Although the application 114 implements the particular business transaction or other processes, the process 112 is a separate operation, implemented in hardware and/or software in connection with the application 114 and its operation. Particularly, the process 112 serves different purposes from the application 114, and uses or employs certain information of or from the application 114 and its operations. The process 112 and the application 114 can be contained on the same computer or bank of computers, as the central computer 110, or alternatively, the process 112 and the application 114 can themselves be in communication over a disparate network including multiple computers and communications features, collectively also identified for simplification purposes herein as the central computer 110. The process 112 and the application 114 are related, in any event, in that the process 112 employs information of and from the application 114. In this respect, it is desirable in some manner to integrate the operations of the process 112 and the application 114. For purposes of example, the application 114 performs a business transaction process such as the exemplary loan procedure mentioned above; whereas the process 112 is an ancillary operation to the business transaction such as for performing customer intelligence gathering, fraud detection, personalization, quality of service management, or other analytical operation.

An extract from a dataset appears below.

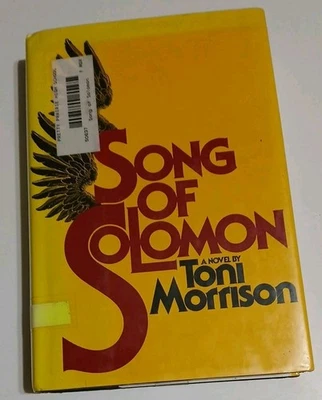 Song of Solomon Toni Morrison 1977 Hardcover Dust Jacket Novel - Image 1 of 4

Continuing to refer to FIG. 1, and particularly the communicative arrows and block 108 identified in phantom, a conventional mode of integrating the process 112 and the application 114 are illustrated. The conventional mode, as discussed in the “Background” sections hereof, includes the separate block 108—e.g., either an integrator operation with specific programming logic and interfacing particular to the process 112 and the application 114, or otherwise a data warehouse storage of data unique to the process 112 and application 114 that is manipulable by a batch operation uniquely therefore, or combinations of these. The block 108 is either included with the central computer 110 or is an entirely separate device and process (i.e., indicated by the phantom lines). The block 108 necessarily intercedes and interferes between the process 112 and the application 114, and also between each of the process 112 and the application 114 and the communications from and to the client computer 104 over the network 102.

In effect, the block 108 merely serves as an intermediary for communications and data handling between the process 112, the application 114, and the communications of the central computer 110 and the client computer 104. The block 108 can integrate operations of the process 112 and the application 114 because the block 108, as such intermediary, receives and delivers communicated signals as desired for the application. In operations, the block 108, by virtue of application specific programming, logic and interfacing, can communicate information as desired for operations of the process 112 and the application 114. The block 108, however, is complex, costly, and intrusive. This is the case because the block 108 must be specifically designed and programmed to provide desired integration, the block 108 must intercept and handle all communications and information, and the block 108 must interface with and appropriately format data and information as required by the respective process 112, application 114, network 102, and client computer 104. The block 108 is, therefore, an undesirable mechanism for integration.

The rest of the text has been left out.